CaaS Over Time and Scale
Containers as an Abstraction Layer
The key insight behind containers is that they shift the contract between the application and the infrastructure. Without containers:
Application depends on: specific OS version, specific library versions,
specific filesystem layout, specific user accounts, specific ports
With containers:
Application depends on: the container runtime (a thin, stable interface)
Infrastructure depends on: nothing about the application
This abstraction has profound organizational implications:
- Infrastructure can evolve independently: The cluster operator can upgrade the host OS, replace hardware, or change networking topology without coordinating with every application team.
- Applications can evolve independently: An application team can update their dependencies, change their runtime version, or modify their filesystem layout without coordinating with the cluster operator.
- Portability is real: A container built for development can be deployed to staging and production without changes. The environment is the container, not the host.
One Service to Rule Them All
A critical inflection point in the evolution of compute infrastructure is moving from per-team or per-product scheduling infrastructure to a single shared compute platform used by all workloads across the organization.

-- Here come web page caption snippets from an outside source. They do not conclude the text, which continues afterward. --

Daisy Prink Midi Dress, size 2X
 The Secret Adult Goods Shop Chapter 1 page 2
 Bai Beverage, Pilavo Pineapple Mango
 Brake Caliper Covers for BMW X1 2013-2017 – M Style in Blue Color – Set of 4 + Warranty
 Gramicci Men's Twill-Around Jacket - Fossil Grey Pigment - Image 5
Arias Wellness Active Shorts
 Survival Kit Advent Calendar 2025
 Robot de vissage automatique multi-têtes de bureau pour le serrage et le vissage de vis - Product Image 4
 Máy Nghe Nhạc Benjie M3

Benefits of a unified compute platform:
- Higher utilization: Diverse workloads (serving, batch, ML training) have different resource usage patterns. A batch job’s idle time can be filled by a serving job’s burst, and vice versa. A shared fleet captures this diversity premium; isolated fleets waste it.
- Simpler operations: One platform to monitor, patch, and upgrade is simpler than N platform variants with different configurations, tooling, and runbooks.
- Consistent tooling: Engineers moving between teams find familiar infrastructure. Training, debugging tools, and observability systems apply uniformly.
- Economy of scale: Centralized procurement and capacity planning is more efficient than distributed, per-team resource acquisition.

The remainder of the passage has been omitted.